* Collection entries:
——

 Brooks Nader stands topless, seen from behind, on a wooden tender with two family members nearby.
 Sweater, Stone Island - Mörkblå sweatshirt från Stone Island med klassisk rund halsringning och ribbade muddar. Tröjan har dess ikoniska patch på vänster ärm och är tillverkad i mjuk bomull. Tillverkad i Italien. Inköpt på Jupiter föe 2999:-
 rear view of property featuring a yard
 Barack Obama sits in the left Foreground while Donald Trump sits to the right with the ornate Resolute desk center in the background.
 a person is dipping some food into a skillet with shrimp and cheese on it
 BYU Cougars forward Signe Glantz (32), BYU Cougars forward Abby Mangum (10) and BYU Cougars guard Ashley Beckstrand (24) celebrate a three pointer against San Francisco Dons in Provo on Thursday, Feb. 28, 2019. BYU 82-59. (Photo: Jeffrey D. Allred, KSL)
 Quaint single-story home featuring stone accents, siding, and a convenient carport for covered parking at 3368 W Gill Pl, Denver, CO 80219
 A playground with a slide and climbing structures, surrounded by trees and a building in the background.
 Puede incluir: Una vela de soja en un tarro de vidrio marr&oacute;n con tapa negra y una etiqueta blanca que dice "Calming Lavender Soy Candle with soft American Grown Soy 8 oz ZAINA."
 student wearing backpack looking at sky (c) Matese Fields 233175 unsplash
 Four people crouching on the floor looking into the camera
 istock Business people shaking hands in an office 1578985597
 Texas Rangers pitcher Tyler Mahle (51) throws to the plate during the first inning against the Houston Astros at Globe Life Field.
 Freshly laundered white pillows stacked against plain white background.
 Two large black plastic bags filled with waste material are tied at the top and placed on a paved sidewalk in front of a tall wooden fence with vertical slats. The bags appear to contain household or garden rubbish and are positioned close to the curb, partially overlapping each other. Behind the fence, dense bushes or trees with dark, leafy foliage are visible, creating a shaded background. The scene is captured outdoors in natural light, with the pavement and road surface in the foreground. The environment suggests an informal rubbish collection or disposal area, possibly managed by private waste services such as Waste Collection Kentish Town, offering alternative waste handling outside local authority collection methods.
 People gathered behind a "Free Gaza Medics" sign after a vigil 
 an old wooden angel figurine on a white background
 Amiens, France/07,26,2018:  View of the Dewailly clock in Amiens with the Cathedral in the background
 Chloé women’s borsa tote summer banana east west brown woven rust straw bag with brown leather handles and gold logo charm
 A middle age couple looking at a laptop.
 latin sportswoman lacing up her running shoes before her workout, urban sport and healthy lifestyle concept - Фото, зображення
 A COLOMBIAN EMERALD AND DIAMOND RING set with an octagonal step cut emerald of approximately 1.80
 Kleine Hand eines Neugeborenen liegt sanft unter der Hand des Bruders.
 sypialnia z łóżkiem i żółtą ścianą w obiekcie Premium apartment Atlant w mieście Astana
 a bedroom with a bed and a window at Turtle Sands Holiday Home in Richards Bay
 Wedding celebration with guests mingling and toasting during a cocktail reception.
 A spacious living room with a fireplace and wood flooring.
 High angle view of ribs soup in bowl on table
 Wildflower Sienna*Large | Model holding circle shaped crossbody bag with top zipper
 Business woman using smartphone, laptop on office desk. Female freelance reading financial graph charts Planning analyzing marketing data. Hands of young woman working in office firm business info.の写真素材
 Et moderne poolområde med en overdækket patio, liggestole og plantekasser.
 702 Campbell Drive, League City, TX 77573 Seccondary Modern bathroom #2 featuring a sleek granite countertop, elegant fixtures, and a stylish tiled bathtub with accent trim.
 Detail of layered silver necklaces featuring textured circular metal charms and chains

——

* What the task requires:
There is a run of lines above from the one with "Puede incluir: Una" to the one with "Freshly laundered white"; print exactly that run, both ends included, and nothing else.

* Exercise output:
 Puede incluir: Una vela de soja en un tarro de vidrio marr&oacute;n con tapa negra y una etiqueta blanca que dice "Calming Lavender Soy Candle with soft American Grown Soy 8 oz ZAINA."
 student wearing backpack looking at sky (c) Matese Fields 233175 unsplash
 Four people crouching on the floor looking into the camera
 istock Business people shaking hands in an office 1578985597
 Texas Rangers pitcher Tyler Mahle (51) throws to the plate during the first inning against the Houston Astros at Globe Life Field.
 Freshly laundered white pillows stacked against plain white background.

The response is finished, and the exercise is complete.